Section 2244(d)(2) states that "[t]he time during which a properly filed application for state post-conviction or other collateral review with respect to the pertinent judgment or claim is pending shall not be counted toward any period of limitation under this section." Thus, the statute provides that any additional period during which the statute is tolled is added to the one-year period. Peterson v. Gammon, 200 F.3d 1202, 1204 (8th Cir. 2000). While a properly filed state petition for post-conviction relief is pending the 1-year period of § 2244(d)(2) is tolled.

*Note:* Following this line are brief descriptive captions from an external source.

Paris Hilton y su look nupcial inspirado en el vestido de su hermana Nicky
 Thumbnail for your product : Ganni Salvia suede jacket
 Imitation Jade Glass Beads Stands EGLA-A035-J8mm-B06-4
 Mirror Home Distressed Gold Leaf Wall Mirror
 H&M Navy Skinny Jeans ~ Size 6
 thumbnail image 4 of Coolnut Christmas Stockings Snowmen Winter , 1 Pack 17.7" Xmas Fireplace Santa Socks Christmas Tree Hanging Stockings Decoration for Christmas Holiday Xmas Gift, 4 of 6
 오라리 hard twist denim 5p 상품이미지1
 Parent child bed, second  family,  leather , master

Williams v. Bruton, 299 F.3d 981, 982 (8th Cir. 2002). The pivotal question arises, therefore, as to when an application for state post-conviction relief is pending.Id. "The term `pending' includes the interval between the trial court's denial of postconviction relief and the timely filing of an appeal from the denial." Beery v. Ault, 312 F.3d 948, 950 (8th Cir. 2002) (citing Peterson, 200 F.3d at 1203). It is not "pending," however, "between the date direct review concludes and the date an application for state postconviction relief is filed." Id. (citing Painter v. Iowa, 247 F.3d 1255, 1256 (8th Cir. 2001)). The appeal of a post-conviction relief motion remains pending until the appellate court issues its mandate.Canaday v. Moore, 2005 WL 1278523, at *2 (W.D. Mo. May 27, 2005) (citing 299 F.3d 981, 982-83 (8th Cir. 2002). For a Missouri defendant," judgment in a criminal case becomes final for purposes of appeal when sentence is entered, State v. Lynch, 679 S.W.2d 858, 860 (Mo. banc 1984), and an appeal must be filed within ten days thereafter. State ex rel. Wagner v. Ruddy, 582 S.W.2d 692, 693 (Mo. banc 1979). The same time limit applies to those cases where an appeal is permitted from a guilty plea. State v. Werbin, 597 S.W.2d 663, 664 (Mo.App. 1980)."State v. Harris, 863 S.W. 699 (Mo.Ct.App. 1993).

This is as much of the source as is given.